(WHAT TO WORK ON) Copy out the listing that follows, exact in every word, and skip the images.

(DATA BELOW)

'''

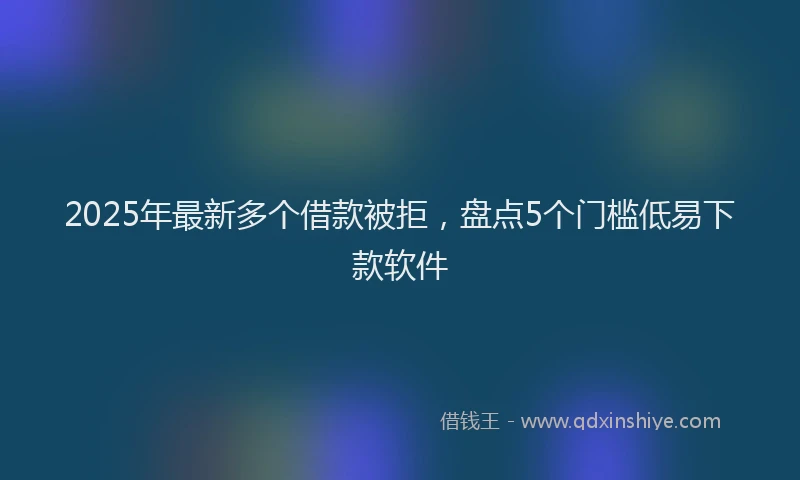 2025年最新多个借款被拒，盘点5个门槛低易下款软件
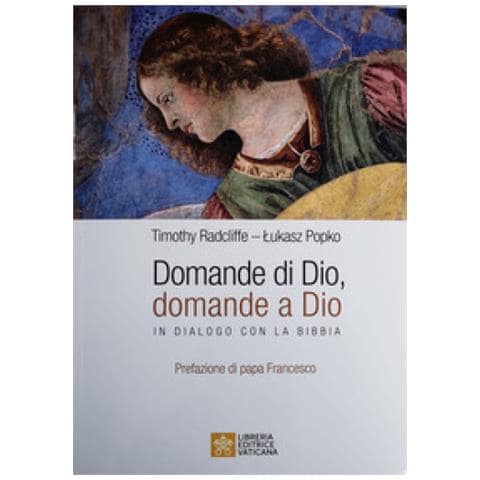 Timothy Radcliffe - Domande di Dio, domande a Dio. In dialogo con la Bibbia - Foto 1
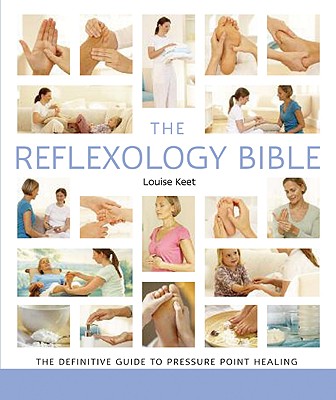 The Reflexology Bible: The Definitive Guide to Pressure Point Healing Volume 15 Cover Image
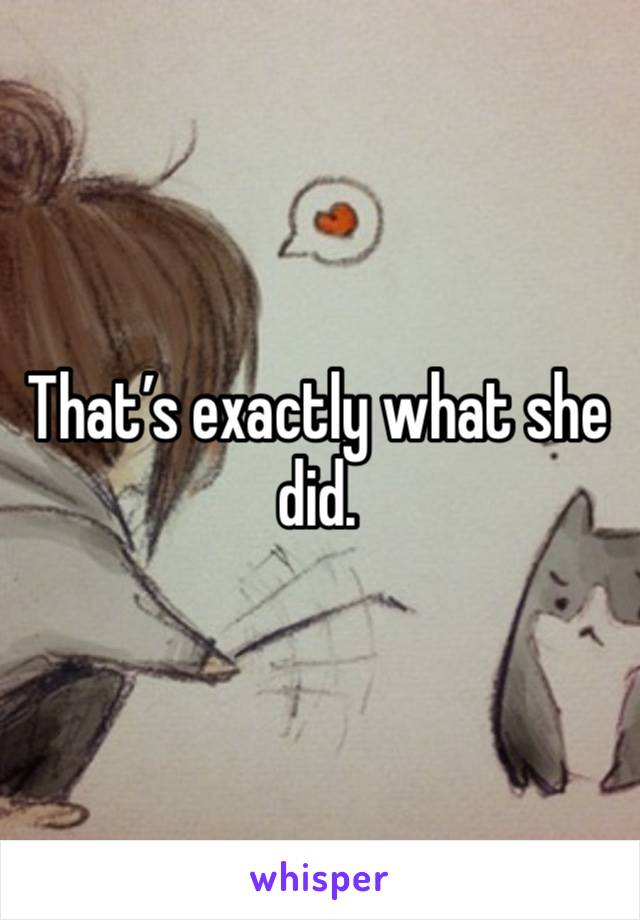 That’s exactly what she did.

'''

(SOLUTION FOR THIS EXERCISE)
 2025年最新多个借款被拒，盘点5个门槛低易下款软件
 Timothy Radcliffe - Domande di Dio, domande a Dio. In dialogo con la Bibbia - Foto 1
 The Reflexology Bible: The Definitive Guide to Pressure Point Healing Volume 15 Cover Image
 That’s exactly what she did.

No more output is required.